My question is at the bottom, in case you don't feel like reading all this...

My husband and I have been together 9 years. The severity of his alcoholism became apparent in May of 2011, and he has been in AA working the program since then. He had almost a year sober, but then relapsed... got 30 days under his belt and relapsed again. So that brings us to this week.

A little background - we have no children. We are close friends, and have always been very in love. There are no issues with verbal or physical abuse, and I am very lucky in that he has never denied he's had a problem or been unwilling to work at it. I have recently started going to Al Anon meetings too, I've been to four now.

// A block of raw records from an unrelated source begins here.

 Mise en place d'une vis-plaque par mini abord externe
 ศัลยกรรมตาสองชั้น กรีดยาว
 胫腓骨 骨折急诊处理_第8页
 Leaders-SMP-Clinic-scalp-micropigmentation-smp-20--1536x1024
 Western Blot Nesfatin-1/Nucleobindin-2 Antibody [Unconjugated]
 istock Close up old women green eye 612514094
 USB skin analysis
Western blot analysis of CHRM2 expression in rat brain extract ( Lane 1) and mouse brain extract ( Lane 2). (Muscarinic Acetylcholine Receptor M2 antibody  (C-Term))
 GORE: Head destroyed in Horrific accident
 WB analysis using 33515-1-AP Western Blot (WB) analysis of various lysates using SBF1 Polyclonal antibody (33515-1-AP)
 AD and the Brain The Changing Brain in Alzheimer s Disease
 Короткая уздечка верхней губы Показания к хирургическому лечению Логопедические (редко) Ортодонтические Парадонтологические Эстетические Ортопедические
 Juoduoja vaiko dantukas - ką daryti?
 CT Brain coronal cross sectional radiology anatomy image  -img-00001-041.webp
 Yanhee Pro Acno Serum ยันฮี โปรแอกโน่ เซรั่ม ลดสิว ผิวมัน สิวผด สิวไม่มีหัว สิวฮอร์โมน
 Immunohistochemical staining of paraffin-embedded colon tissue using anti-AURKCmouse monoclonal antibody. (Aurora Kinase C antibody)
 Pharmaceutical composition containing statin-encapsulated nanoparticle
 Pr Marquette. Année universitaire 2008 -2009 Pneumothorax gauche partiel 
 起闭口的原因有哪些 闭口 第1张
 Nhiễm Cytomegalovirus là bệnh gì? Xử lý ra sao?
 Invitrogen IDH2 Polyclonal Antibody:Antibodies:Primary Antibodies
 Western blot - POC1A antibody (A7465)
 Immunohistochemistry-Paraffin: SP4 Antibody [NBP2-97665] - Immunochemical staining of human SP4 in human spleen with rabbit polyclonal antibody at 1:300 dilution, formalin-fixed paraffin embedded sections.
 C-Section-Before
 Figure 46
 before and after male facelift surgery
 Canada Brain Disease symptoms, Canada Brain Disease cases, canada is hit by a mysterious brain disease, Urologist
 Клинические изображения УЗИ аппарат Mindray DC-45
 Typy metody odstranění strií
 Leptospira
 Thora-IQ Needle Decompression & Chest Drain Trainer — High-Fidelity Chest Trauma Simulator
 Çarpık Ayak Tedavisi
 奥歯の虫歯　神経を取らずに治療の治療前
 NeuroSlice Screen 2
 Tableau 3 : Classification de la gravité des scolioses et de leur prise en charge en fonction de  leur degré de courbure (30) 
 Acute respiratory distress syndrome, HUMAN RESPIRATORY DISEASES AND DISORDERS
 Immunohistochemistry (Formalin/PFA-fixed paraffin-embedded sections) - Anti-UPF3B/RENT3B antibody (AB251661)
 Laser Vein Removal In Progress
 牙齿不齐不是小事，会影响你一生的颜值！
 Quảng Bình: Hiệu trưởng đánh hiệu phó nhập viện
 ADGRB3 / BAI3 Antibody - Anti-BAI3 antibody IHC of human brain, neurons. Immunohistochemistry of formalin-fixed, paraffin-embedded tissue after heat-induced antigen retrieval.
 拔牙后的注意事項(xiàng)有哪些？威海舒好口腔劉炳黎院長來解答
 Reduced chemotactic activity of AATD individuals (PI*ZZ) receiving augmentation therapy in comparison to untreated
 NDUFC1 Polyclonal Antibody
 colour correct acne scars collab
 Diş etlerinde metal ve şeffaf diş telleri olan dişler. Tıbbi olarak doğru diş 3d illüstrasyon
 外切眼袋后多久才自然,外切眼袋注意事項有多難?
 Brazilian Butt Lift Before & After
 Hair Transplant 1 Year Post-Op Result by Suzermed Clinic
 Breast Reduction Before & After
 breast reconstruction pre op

The previous time - about a month ago - that he relapsed (and stole liquor, and drove drunk, and jepardized his job, and lied to me, and broke my heart), I set some clear boundaries with him. I told him this: I do believe that in some cases relapse is part of recovery. So I can stand by and be supportive as long as you're willing to work on it dilligently. BUT the lying/stealing/driving/job aspects of his alcoholism are more than I can stand by for. So, if this stuff happens again, we will no longer live under the same roof. That was my boundary.

So, fast forward a month (to last Monday) and sadly it happened again. He does work hard in AA - goes to several meetings a week and just got a new sponsor who's very involved. He is just really struggling.. I guess he hasn't "hit bottom" yet.

Surprisingly, I'm sticking to my guns and he is moving out (he expected this and I did not have to convince him or barely even ask). He got his own apartment and his own bank account. We worked together last night to pack up his stuff and come up with a budget. He is going to be moving on Friday and that's that.

I know I need to do this, for me, because I am a very anxious person by nature and this distrust and worry has me to the point of physical sickness. I need to step back and learn to worry about myself, and let him worry about him.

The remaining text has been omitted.